__WHAT THE TASK REQUIRES__
Though the entries hold pictures, only their text should be duplicated, exactly and in full.

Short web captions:

::::::::

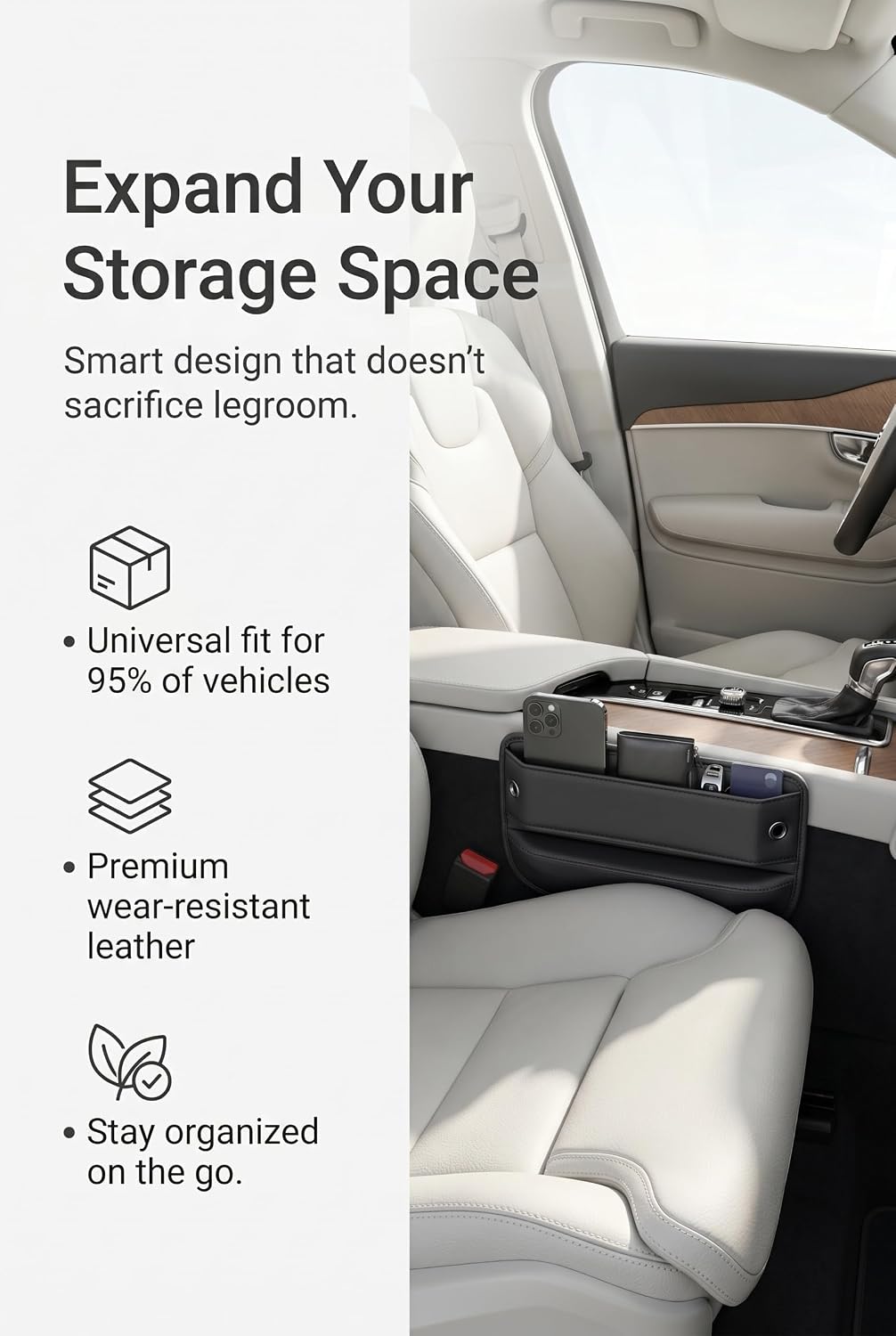 2 Pack Car Seat Gap Filler, Leather Car Organizer, Waterproof Front Seat Gap Filler for Car, Auto Console Side Storage Box, Car Accessories Interior for Men Women (Black)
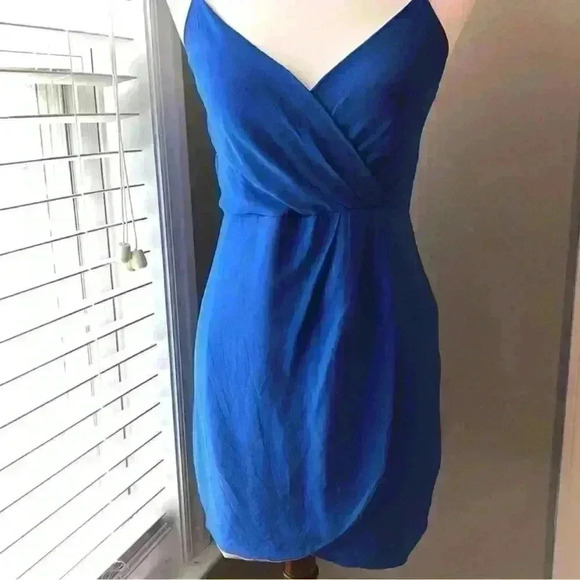 Lavender Brown Blue Silk Mini Dress - Picture 2 of 8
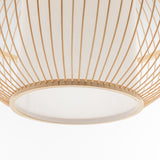 Natural Woven Bamboo Sphere Pendant Lamp Hanging Light Bell Shade Boho Tropical - Low Angle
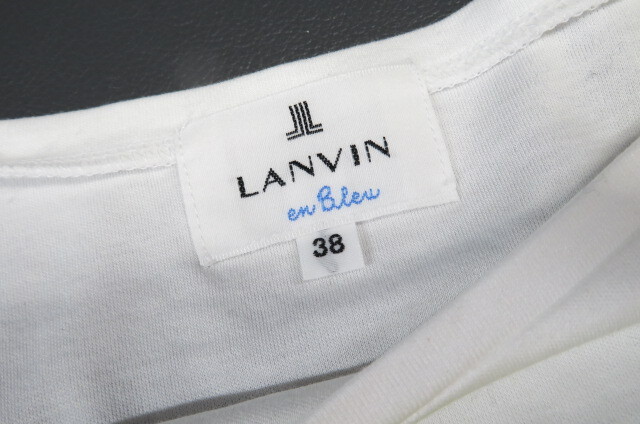 １円～LANVIN en Bleu ランバン オン ブルー Tシャツ　リボン　ビジュー　サイズ38　ホワイト　ライムリボン　4-14-8_画像4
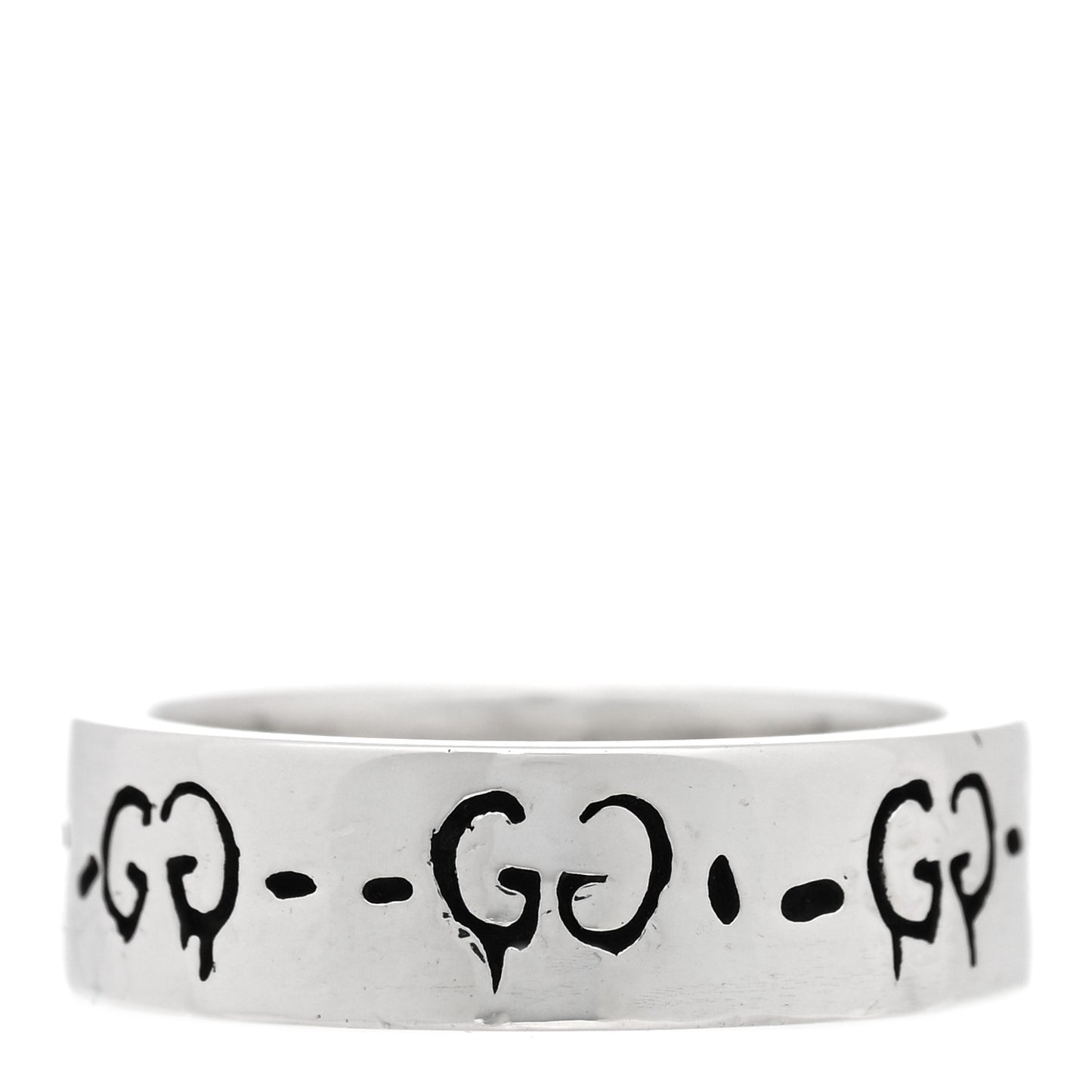 Sterling Silver Narrow GucciGhost Hamlet Skull Ring 52 6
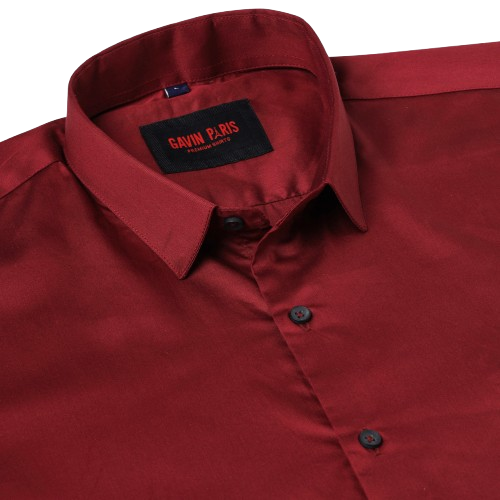 Red Solid Full Sleeve Slim Fit Shirt (D005)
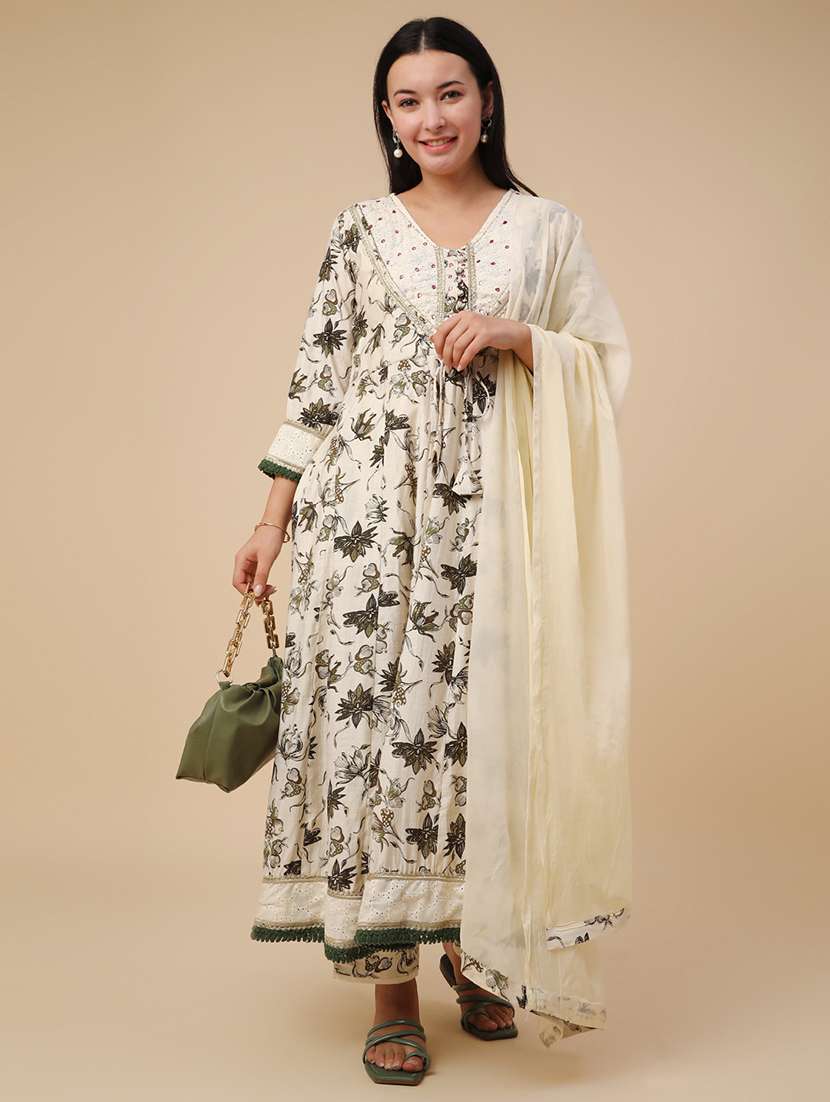 white cotton kurta dupatta  set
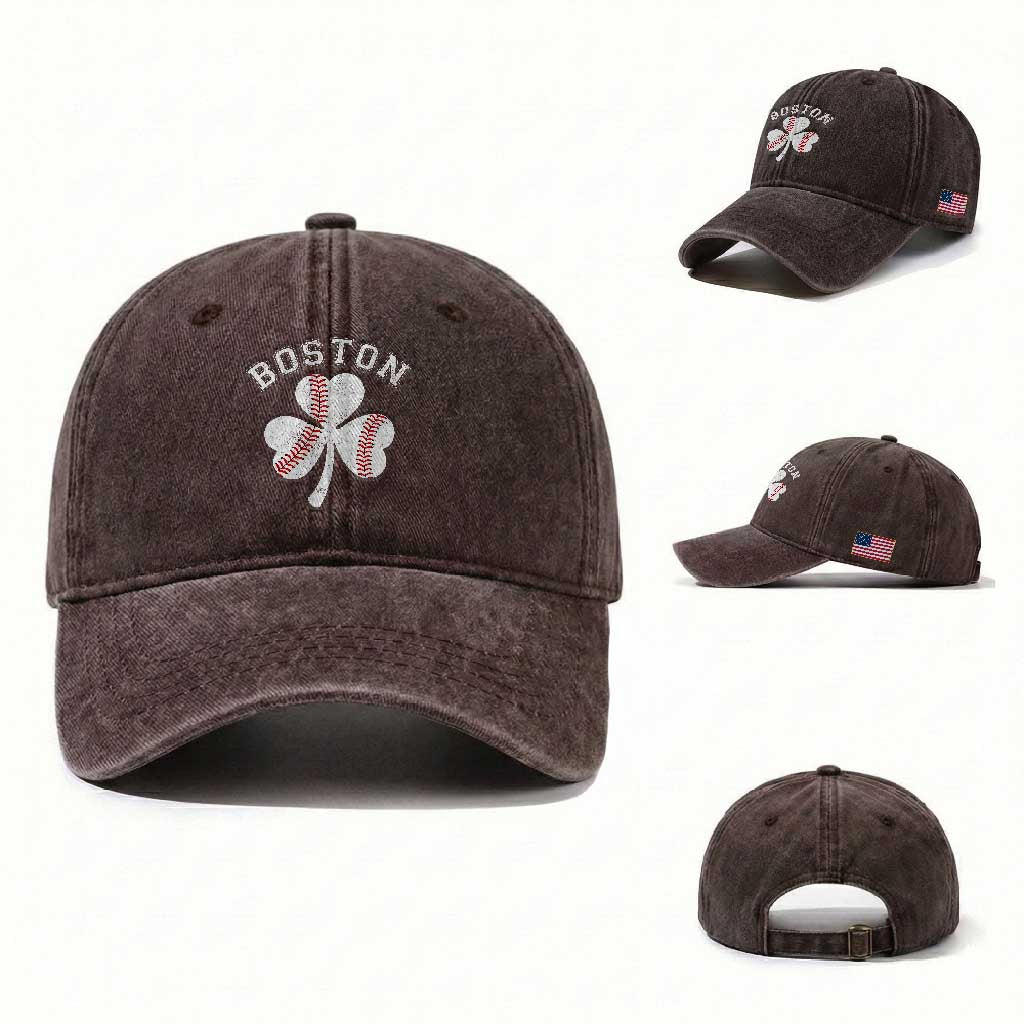 Funny Boston St Patricks Day Baseball Shamrock Washed Cotton Baseball Cap TS11 Washed Cap Universal Fit Dark Brown Print Your Wear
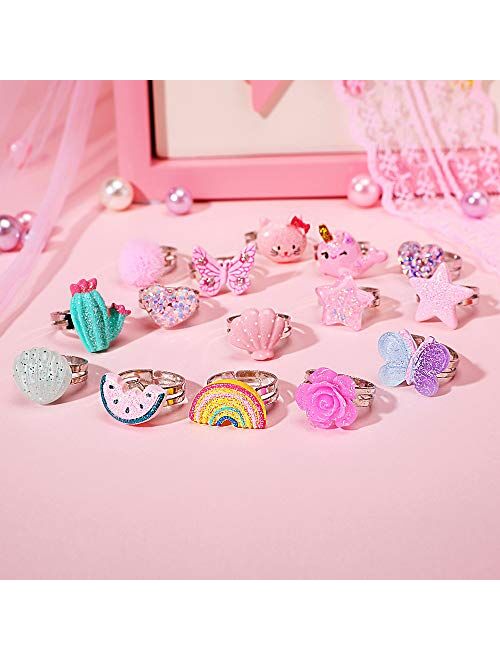 PinkSheep Little Girl Jewel Rings in Box, Adjustable, No Duplication, Girl Pretend Play and Dress Up Rings (24 Bling Ring)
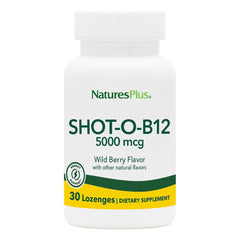 NaturesPlus Shot-O-B12-30 Lozenges Wild Berry – front view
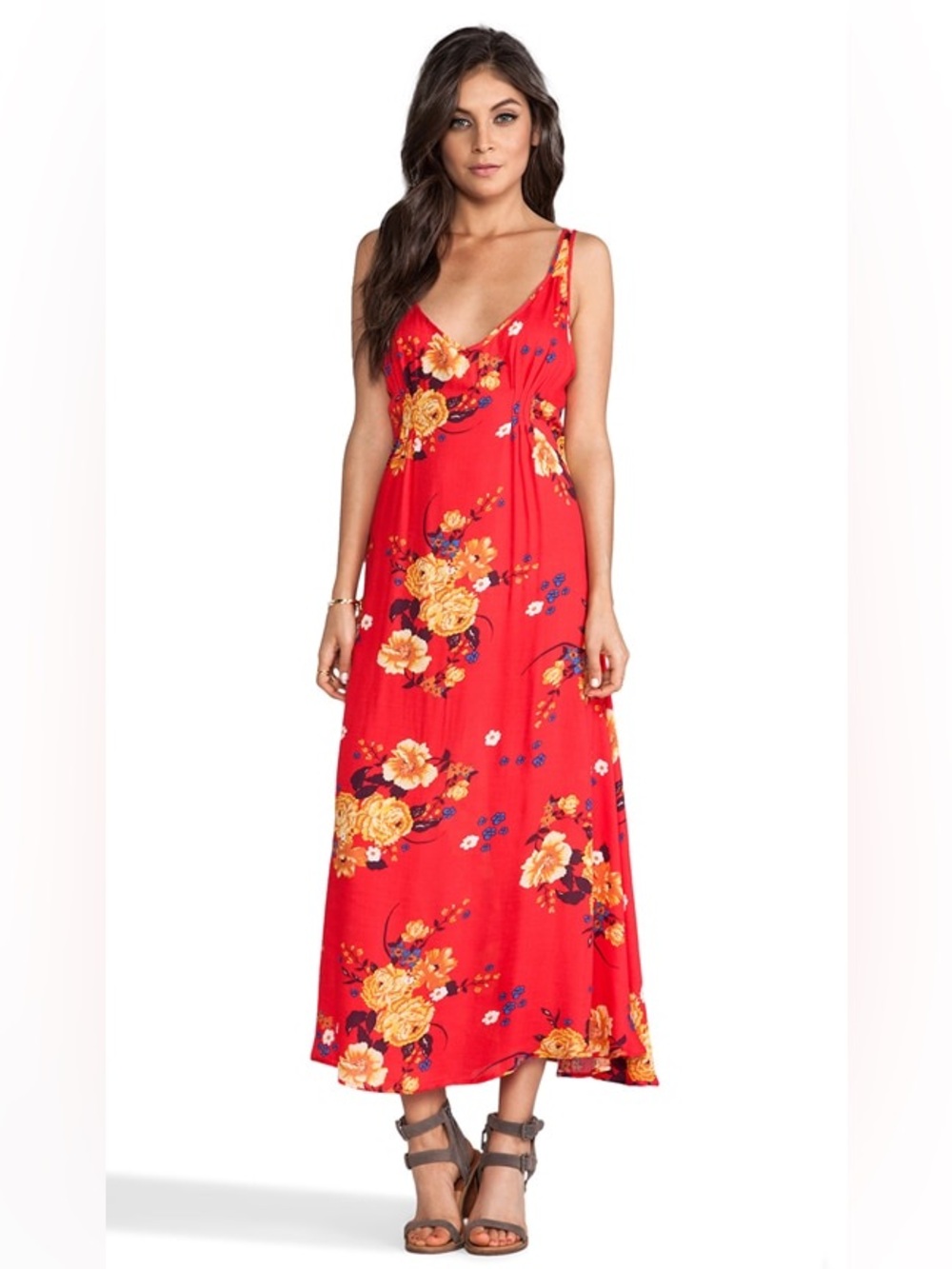 Free People Red Floral Maxi Dress with Yellow Blooms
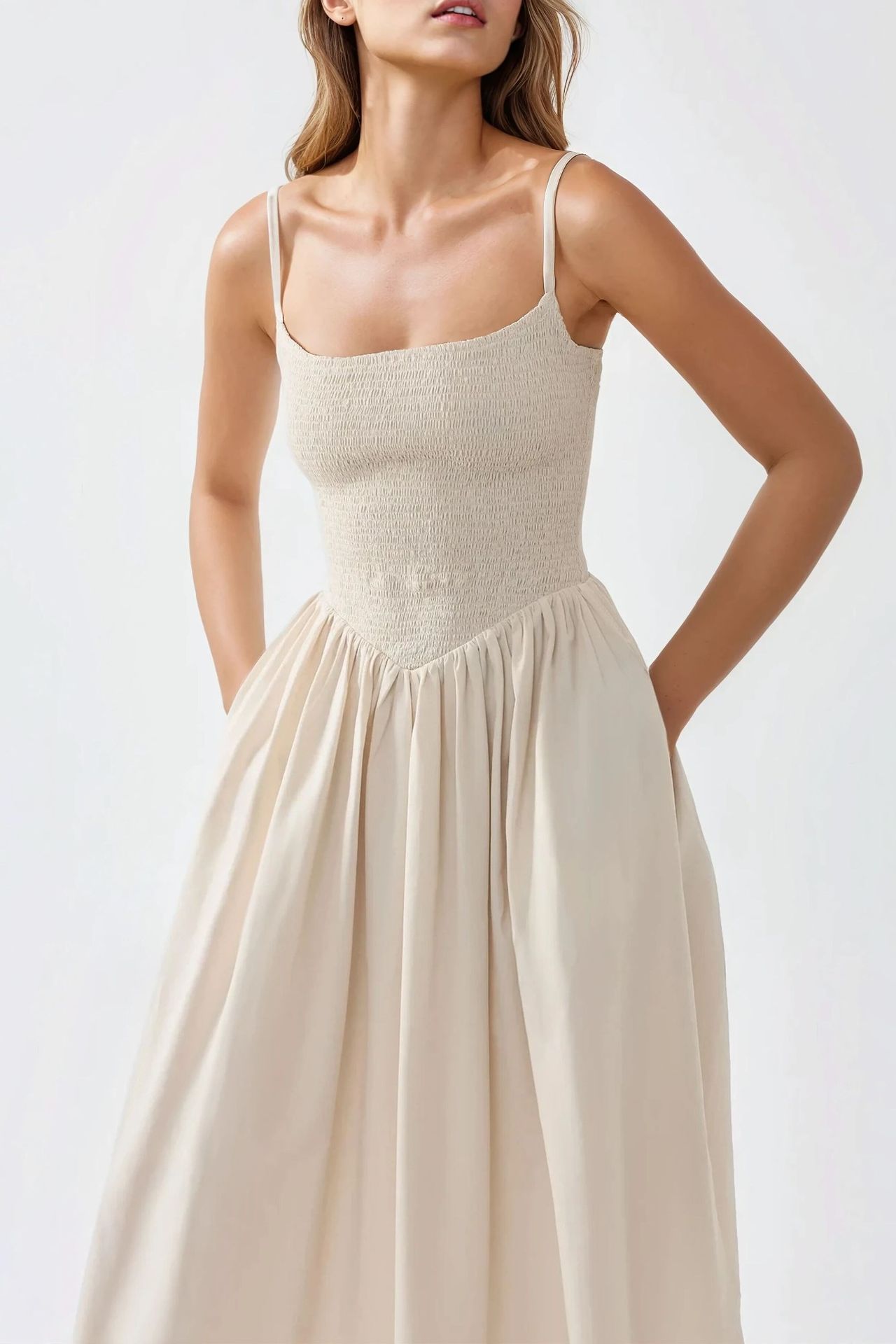 Square Collar A-Form Maxi Dress 4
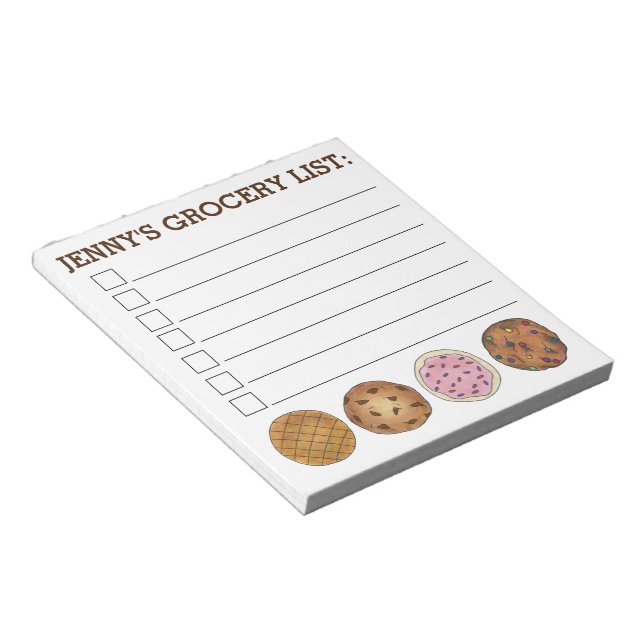Cookies Foodie Personalised Baking Grocery List Notepad (Angled)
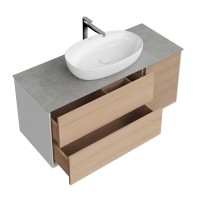 Тумба под раковину KERAMA MARAZZI Plaza Modern 120 подвесная,с ящиками, дуб виченца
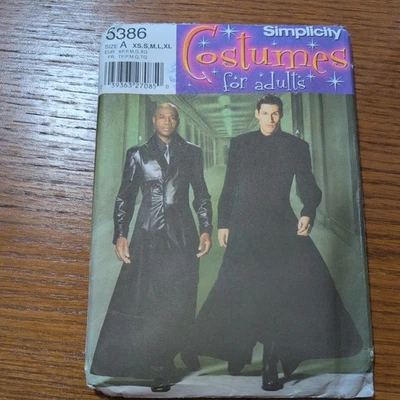 Simplicity 5386 Matrix Vampire Duster Teen & Adult Costume Pattern XS-XL Uncut - Image 1 of 4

::::::::

__EXERCISE OUTPUT__
 2 Pack Car Seat Gap Filler, Leather Car Organizer, Waterproof Front Seat Gap Filler for Car, Auto Console Side Storage Box, Car Accessories Interior for Men Women (Black)
 Lavender Brown Blue Silk Mini Dress - Picture 2 of 8
 Natural Woven Bamboo Sphere Pendant Lamp Hanging Light Bell Shade Boho Tropical - Low Angle
 １円～LANVIN en Bleu ランバン オン ブルー Tシャツ　リボン　ビジュー　サイズ38　ホワイト　ライムリボン　4-14-8_画像4
 Sterling Silver Narrow GucciGhost Hamlet Skull Ring 52 6
 Red Solid Full Sleeve Slim Fit Shirt (D005)
 white cotton kurta dupatta  set
 Funny Boston St Patricks Day Baseball Shamrock Washed Cotton Baseball Cap TS11 Washed Cap Universal Fit Dark Brown Print Your Wear
 PinkSheep Little Girl Jewel Rings in Box, Adjustable, No Duplication, Girl Pretend Play and Dress Up Rings (24 Bling Ring)
 NaturesPlus Shot-O-B12-30 Lozenges Wild Berry – front view
 Free People Red Floral Maxi Dress with Yellow Blooms
 Square Collar A-Form Maxi Dress 4
Cookies Foodie Personalised Baking Grocery List Notepad (Angled)
 Тумба под раковину KERAMA MARAZZI Plaza Modern 120 подвесная,с ящиками, дуб виченца
 Simplicity 5386 Matrix Vampire Duster Teen & Adult Costume Pattern XS-XL Uncut - Image 1 of 4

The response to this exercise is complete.